Giannoulias, after his move to a DI program, does not discredit the caliber of DIII.
“In some respect, the difference comes down to athleticism and size,” he said. “As far as shooting and fundamentals…I think Division III is right up there.”
Upon graduating from Boston University cum laude with a degree in economics, the former Maroon did not stop playing basketball. In Chicago’s 1994–1995 media guide, Giannoulias’ biography said that, “he would like to play professional basketball in Greece.”
And that is exactly what he did with the Greek Basket League’s Panionios.
In spite of all the basketball success, Giannoulias never forgot where he came from.
“To go [to the University of Chicago] and then BU and then overseas—it was a great set of circumstances, and I love that school,” he said.
Giannoulias’ basketball career ended with Panionios in 1999 after a one-year stint.
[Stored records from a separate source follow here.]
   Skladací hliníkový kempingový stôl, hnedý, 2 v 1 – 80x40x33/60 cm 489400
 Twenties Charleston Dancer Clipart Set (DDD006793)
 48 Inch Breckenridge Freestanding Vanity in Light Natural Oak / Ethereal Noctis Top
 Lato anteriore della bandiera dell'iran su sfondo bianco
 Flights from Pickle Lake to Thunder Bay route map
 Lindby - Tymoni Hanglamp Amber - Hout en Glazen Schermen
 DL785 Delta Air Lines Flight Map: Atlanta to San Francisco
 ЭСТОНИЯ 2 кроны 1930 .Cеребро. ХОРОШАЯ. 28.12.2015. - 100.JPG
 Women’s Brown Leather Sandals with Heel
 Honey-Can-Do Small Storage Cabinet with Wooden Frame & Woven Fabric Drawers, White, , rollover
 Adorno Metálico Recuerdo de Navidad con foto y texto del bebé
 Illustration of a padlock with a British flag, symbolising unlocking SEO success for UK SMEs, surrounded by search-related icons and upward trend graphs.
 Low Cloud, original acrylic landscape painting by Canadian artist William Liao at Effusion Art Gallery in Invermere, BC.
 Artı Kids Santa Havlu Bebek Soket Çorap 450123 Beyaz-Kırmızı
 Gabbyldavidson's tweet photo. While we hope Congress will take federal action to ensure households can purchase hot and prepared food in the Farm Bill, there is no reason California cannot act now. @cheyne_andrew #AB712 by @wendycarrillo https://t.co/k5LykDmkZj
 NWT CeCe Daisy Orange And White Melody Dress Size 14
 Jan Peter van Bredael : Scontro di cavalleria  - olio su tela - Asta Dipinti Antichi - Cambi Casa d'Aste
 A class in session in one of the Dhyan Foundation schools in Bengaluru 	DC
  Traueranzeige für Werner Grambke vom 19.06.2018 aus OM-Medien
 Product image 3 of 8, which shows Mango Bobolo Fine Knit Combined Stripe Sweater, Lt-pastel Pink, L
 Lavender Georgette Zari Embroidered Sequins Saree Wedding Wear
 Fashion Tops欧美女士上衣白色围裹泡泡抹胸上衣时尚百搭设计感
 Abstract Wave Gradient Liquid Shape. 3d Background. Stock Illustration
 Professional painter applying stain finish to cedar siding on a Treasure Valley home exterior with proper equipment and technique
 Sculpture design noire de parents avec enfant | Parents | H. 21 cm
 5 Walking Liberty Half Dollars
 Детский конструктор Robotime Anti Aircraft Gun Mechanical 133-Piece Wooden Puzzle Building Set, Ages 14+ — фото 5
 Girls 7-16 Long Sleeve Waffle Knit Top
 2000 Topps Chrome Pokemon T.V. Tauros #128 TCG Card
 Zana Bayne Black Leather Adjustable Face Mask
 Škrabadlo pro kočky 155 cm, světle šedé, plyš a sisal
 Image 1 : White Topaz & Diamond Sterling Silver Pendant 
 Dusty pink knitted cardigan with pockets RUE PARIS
He then pursued a career in business and politics, receiving his JD from Tulane University’s Law School.
With his collegiate and professional basketball career over, Giannoulias had no idea that he was yet to receive the most attention he would ever garner for shooting hoops.
While a first-year at UChicago, Giannoulias played his first pick-up basketball game on campus with then-Senior Lecturer Barack Obama.
Nine years later, Giannoulias was helping raise funds for Obama’s run for Senate in 2003.
And on November 4, 2008, Election Day, the former Maroon shooting guard played basketball with the man who would soon become the next president of the United States.
Giannoulias was quick to say who the better player is.
“I’m 15 years younger than him, so I have a pretty good advantage there,” he said. “[Obama’s] a great player, he’s a great competitor, he plays really hard, and we have a lot of respect for each other on the court.”
When Giannoulias ran for Senate in 2010, Obama was not the only basketball-playing friend that supported him.
“I went to a couple of fundraisers with a lot of his former teammates,” McGrath said.
Although the former Chicago standout lost the tight race, he continued to keep contact with both the President and the Maroons.
The President’s role as a national figure has not deterred the athletic competition between Obama and Giannoulias, and when asked if the two would play basketball this election day, Giannoulias said, “Possibly.”
The University of Chicago may have been known as setting the foundation for the established politician Alexi Giannoulias. Now, the institution can also be known for setting the foundation for basketball-standout Alexi Giannoulias.